╭──
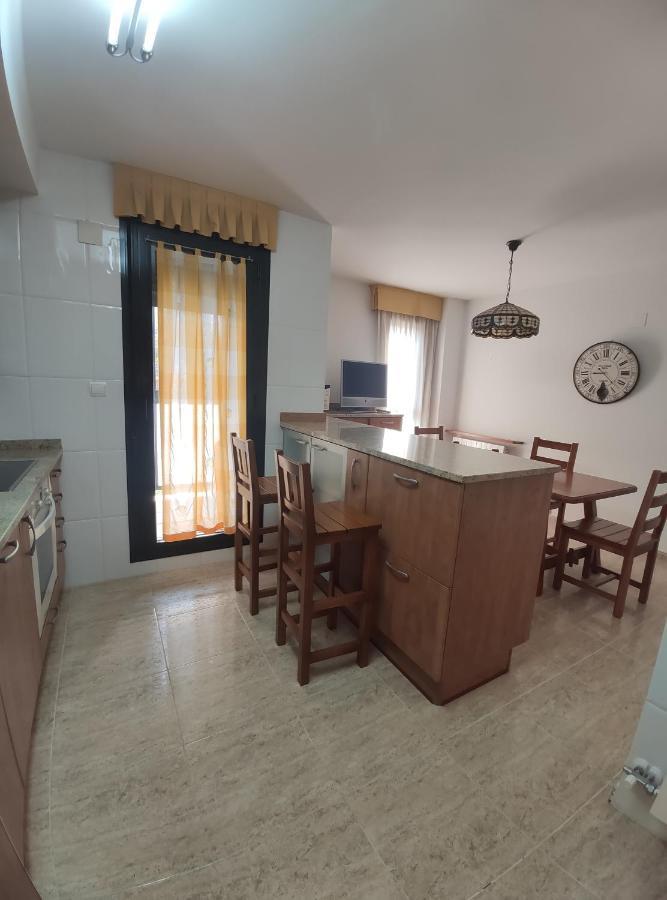 Apartamento Los Manos De Oroel Хака Екстериор снимка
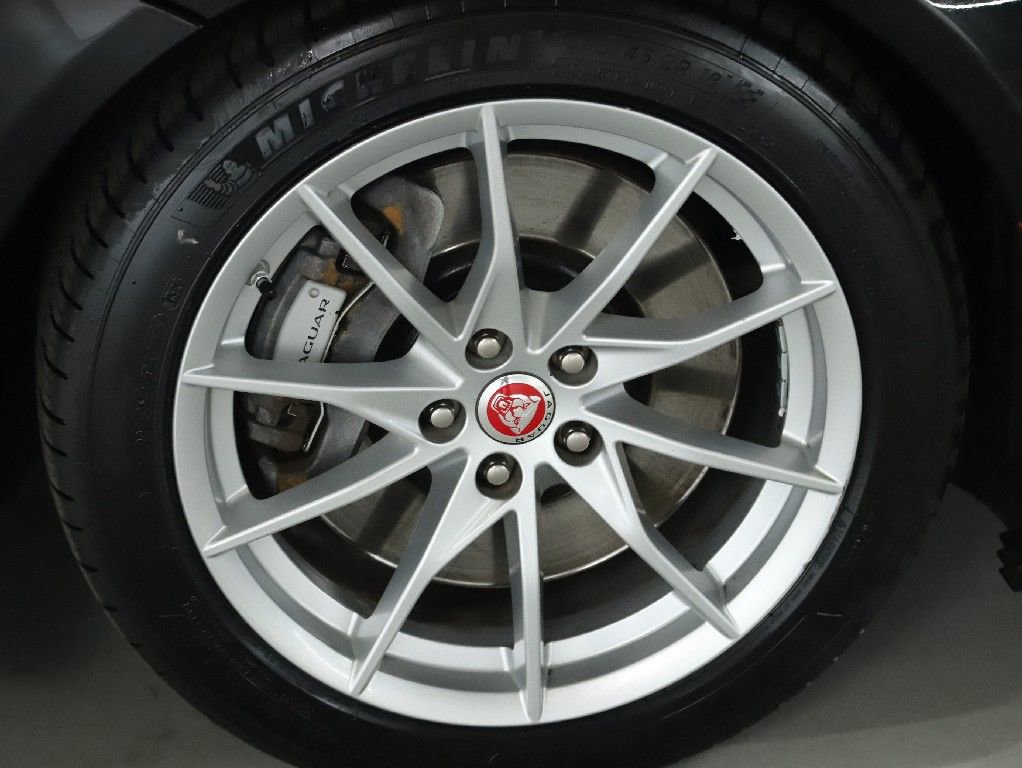 Certified 2021 Jaguar F-TYPE Convertible RWD image 34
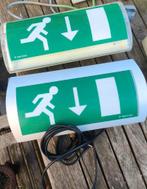Nooduitgang borden 2x, Ophalen of Verzenden, Gebruikt, Minder dan 50 watt, Lamp met armatuur
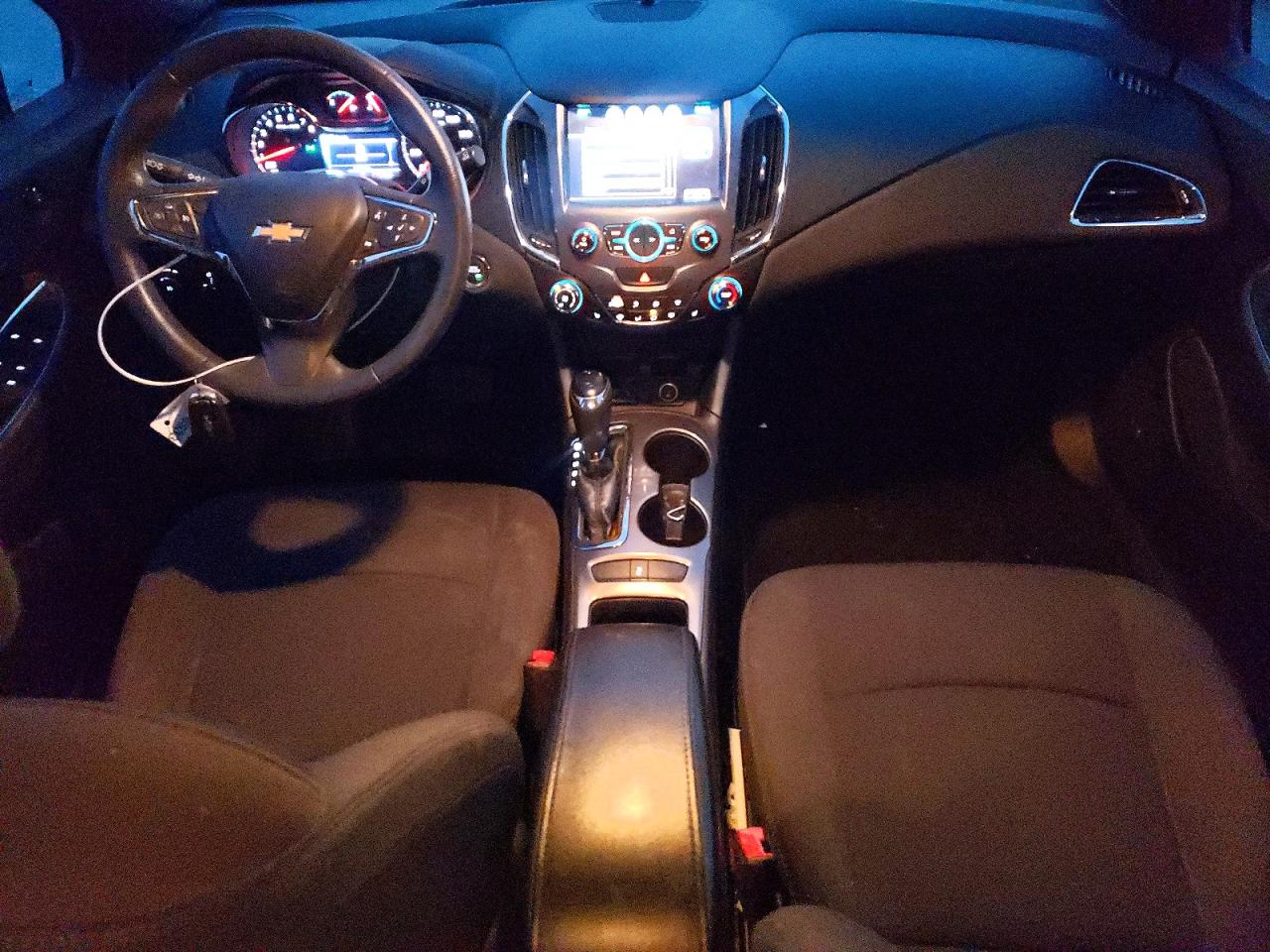 2017 CHEVROLET CRUZE LT photo 15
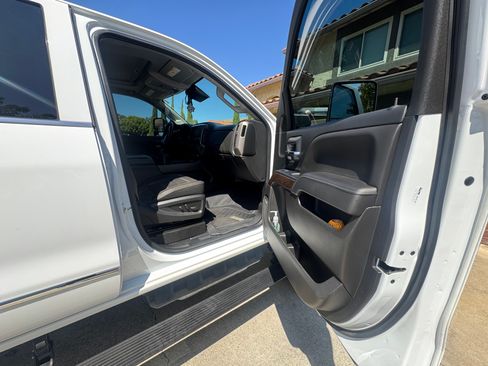 Used 2018 GMC Sierra 2500 Denali w/ Duramax Plus Package AWD/4WD image 13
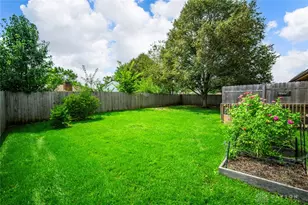 8621 Emeraldgate Dr, Huber Heights, OH 45424 - Photo 4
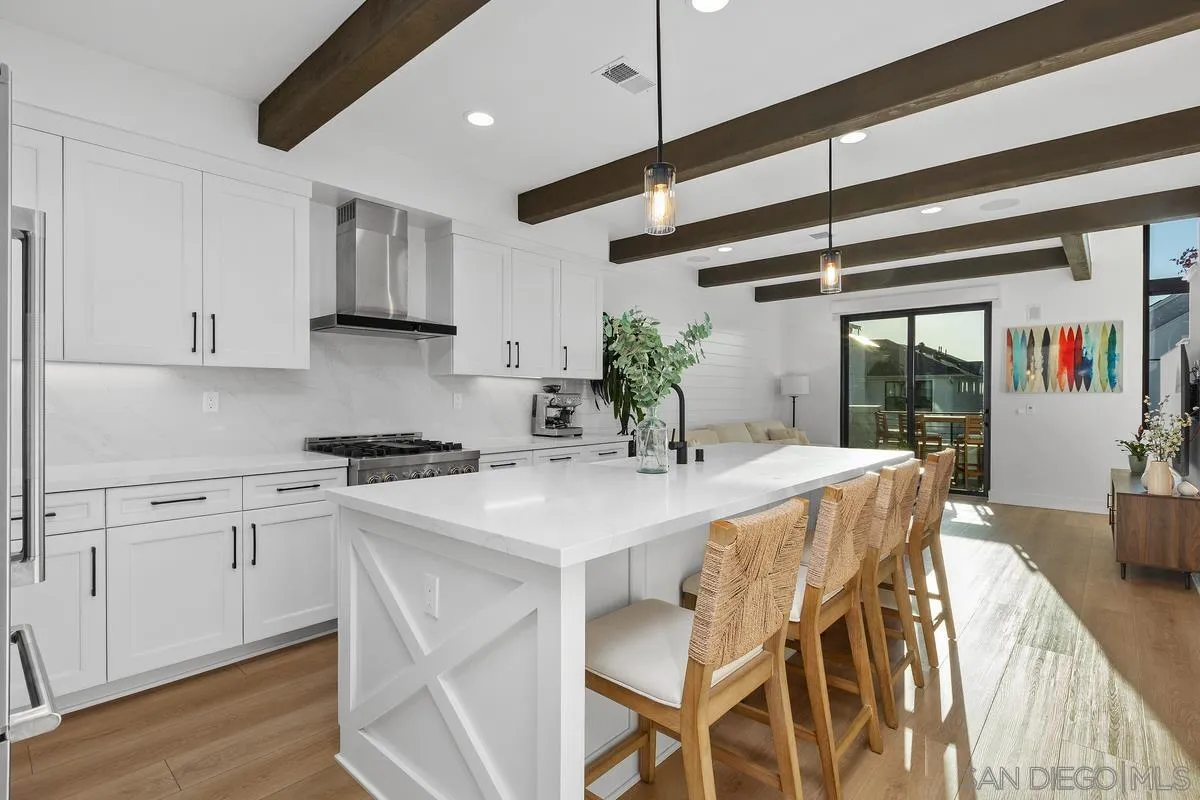 https://cdn.realtyfeed.com/cdn/127/260024482/ebfafacc3cd8391a13e568b6e667bbe3.webp
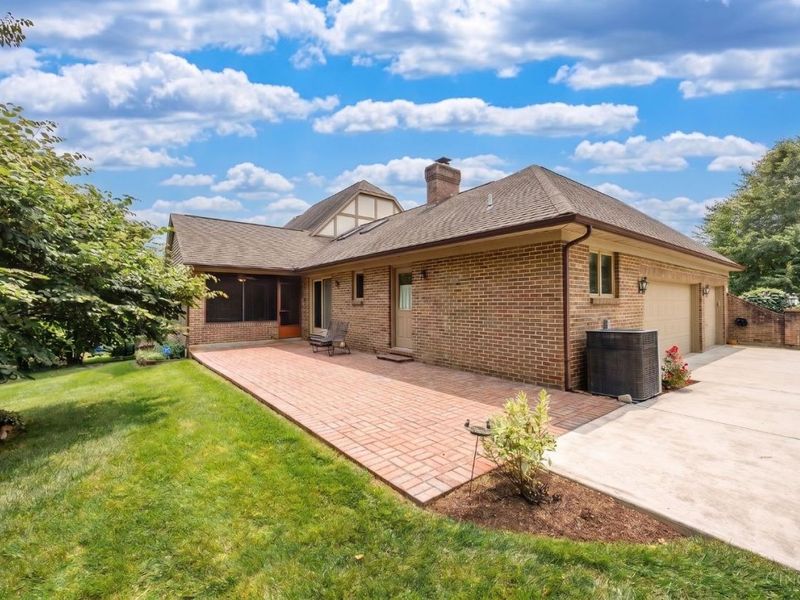 260 Heathwood Lane, Hamilton, OH 45013 Photo 7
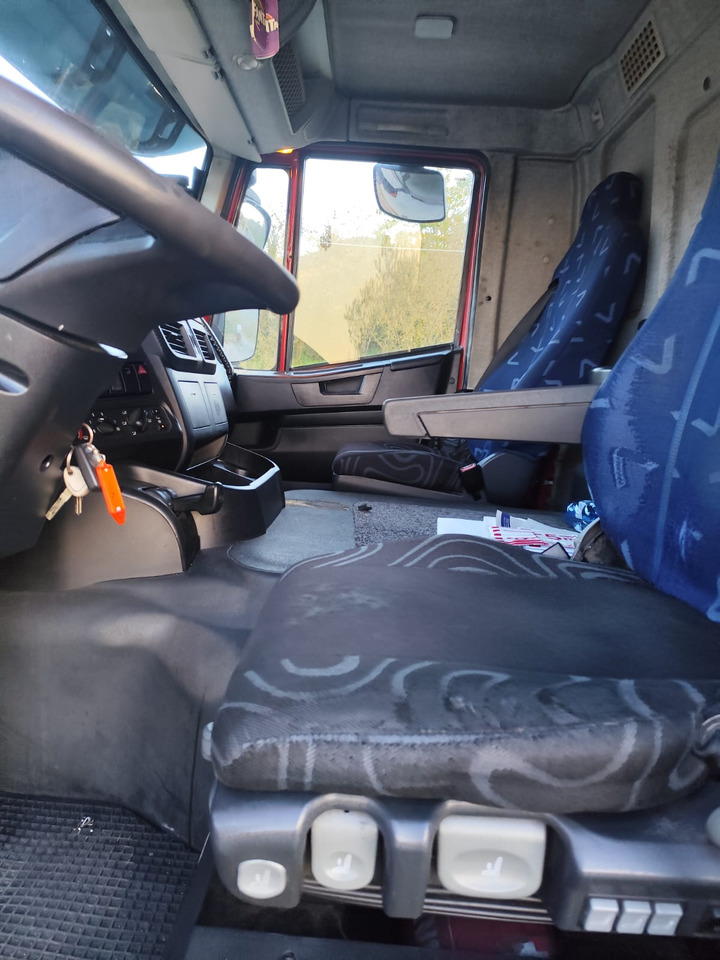 IVECO STRALIS 190S31 - Крюковой мультилифт: фото 3 IVECO STRALIS 190S31 - Крюковой мультилифт: фото 3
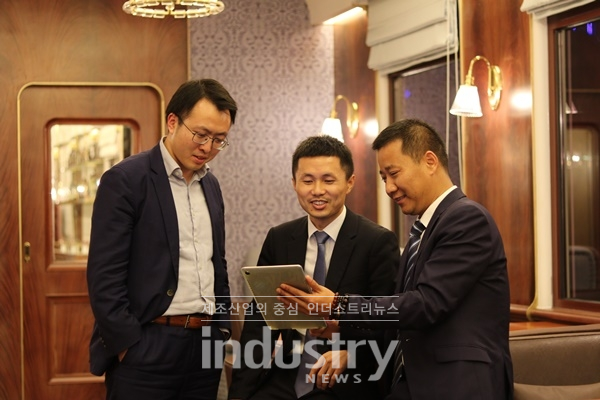 화웨이 태양광 인버터 비즈니스를 리드하고 있는 임원진들이 한자리에 모였다. 사진 왼쪽부터 한국화웨이 탕밍황 부서장, 화웨이 앨런 리 부사장, 제프 얀 이사 [사진=인더스트리뉴스]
╰──
EXERCISE INSTRUCTIONS >> An exact transcription of the data above is needed, without the pictures.

SOLVED EXERCISE >>
 Apartamento Los Manos De Oroel Хака Екстериор снимка
 Certified 2021 Jaguar F-TYPE Convertible RWD image 34
Nooduitgang borden 2x, Ophalen of Verzenden, Gebruikt, Minder dan 50 watt, Lamp met armatuur
 2017 CHEVROLET CRUZE LT photo 15
 Used 2018 GMC Sierra 2500 Denali w/ Duramax Plus Package AWD/4WD image 13
 8621 Emeraldgate Dr, Huber Heights, OH 45424 - Photo 4
 https://cdn.realtyfeed.com/cdn/127/260024482/ebfafacc3cd8391a13e568b6e667bbe3.webp
 260 Heathwood Lane, Hamilton, OH 45013 Photo 7
 IVECO STRALIS 190S31 - Крюковой мультилифт: фото 3 IVECO STRALIS 190S31 - Крюковой мультилифт: фото 3
 화웨이 태양광 인버터 비즈니스를 리드하고 있는 임원진들이 한자리에 모였다. 사진 왼쪽부터 한국화웨이 탕밍황 부서장, 화웨이 앨런 리 부사장, 제프 얀 이사 [사진=인더스트리뉴스]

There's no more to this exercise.